La proposta Serrati messa in rapporto alla situazione italiana fornisce a noi
un altro dato di esperienza tattica. Il socialdemocratismo di sinistra, che
parla molto di rivoluzione e si paluda, oltre che delle famosissime gloriose
tradizioni, del facile lusso della intransigenza negativa e passiva, non fa
opposizione alla Internazionale comunista, se non in sordina, e cerca di insinuarsi
di contrabbando nelle sue file per fare il giuoco confusionistico e addormentatore.
Ma vi è, per evitare questo, lo spirito che anima tutta la dottrina e
l'esperienza del comunismo. Vi sono le condizioni, le tesi e gli statuti della
Internazionale, inseparabili dall'ultimatum che il III Congresso ha formulato
sulla questione italiana.
E vi è di tutto questo un solo presidio. Deriso talvolta a denti stretti,
ma temuto. Risoluto a far rispettare le chiare direttive dell'azione comunista
in Italia, che esso costituisce nel suo studio, nel suo lavoro, nella sua battaglia
. E' il nostro Partito.
I signori della socialdemocrazia lo sanno benissimo . Si scindano o no, l'abbiamo
detto, è cosa che riguarda loro.
i sinceri lavoratori che sono ancora nel PSI? Ecco, noi abbiamo anche per essi
una chiara parola. Essi non hanno speranza alcuna, allo stato delle cose, di
costruire nel loro Partito una frazione comunista che si affermi al prossimo
Congresso. Essi devono capire che la bandiera della frazione sedicente massimalista
e, speriamolo, genuinamente "unitaria", non è quella del comunismo.
Escano dunque dal loro Partito prima ancora del Congresso che si prepara. Che
importa se questo sabota la maggioranza, già dubbia, della sinistra intransigente,
e se la abbandona alla mercé dei collaborazionisti dichiarati? Come nella
lotta di classe tra l'autentico proletario e il grande capitalismo le classi
medie sono uno spiacevole ingombro, così è utile che le due scuole
socialiste si dividano nettamente, profondamente: verso l'alleanza borghese
o verso la lotta rivoluzionaria; è il dilemma che è scritto sulla
bandiera della III Internazionale.
Sarà più agevole la lotta contro la socialdemocrazia ministeriale
che contro la socialdemocrazia centrista camuffata di intransigenza rivoluzionaria.
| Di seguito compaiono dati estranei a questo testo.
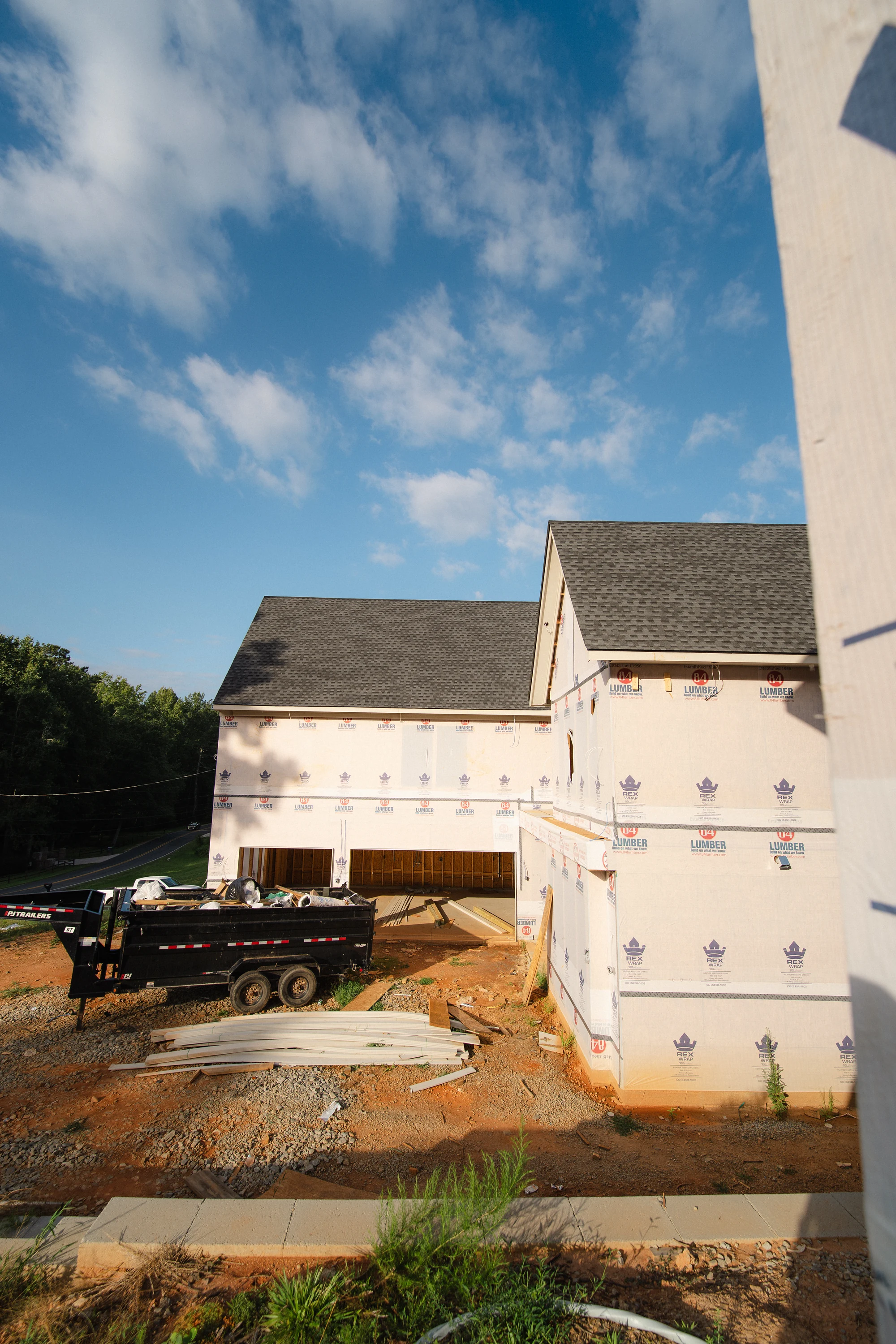 Side exterior with shingled gables, weather-wrapped walls, open lower bays, and a site trailer.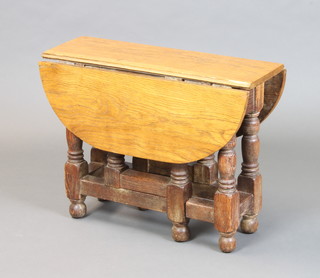 A 17th Century style oak oval drop flap gateleg tea table 48cm x 62cm x 23cm (some slight scratches to the top)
Operai rivoluzionari del Partito socialista: il vostro posto è nel Partito
Comunista (Sezione Italiana della Terza Internazionale).
Oggi meglio di domani. Oggi, troverete la leale fraternità, domani presentandovi
al seguito dei capi centristi, nemici della causa rivoluzionaria, sareste vittime
della invincibile diffidenza con cui noi, nella forza della nostra convinzione
e del nostro diritto, ci guarderemo da loro.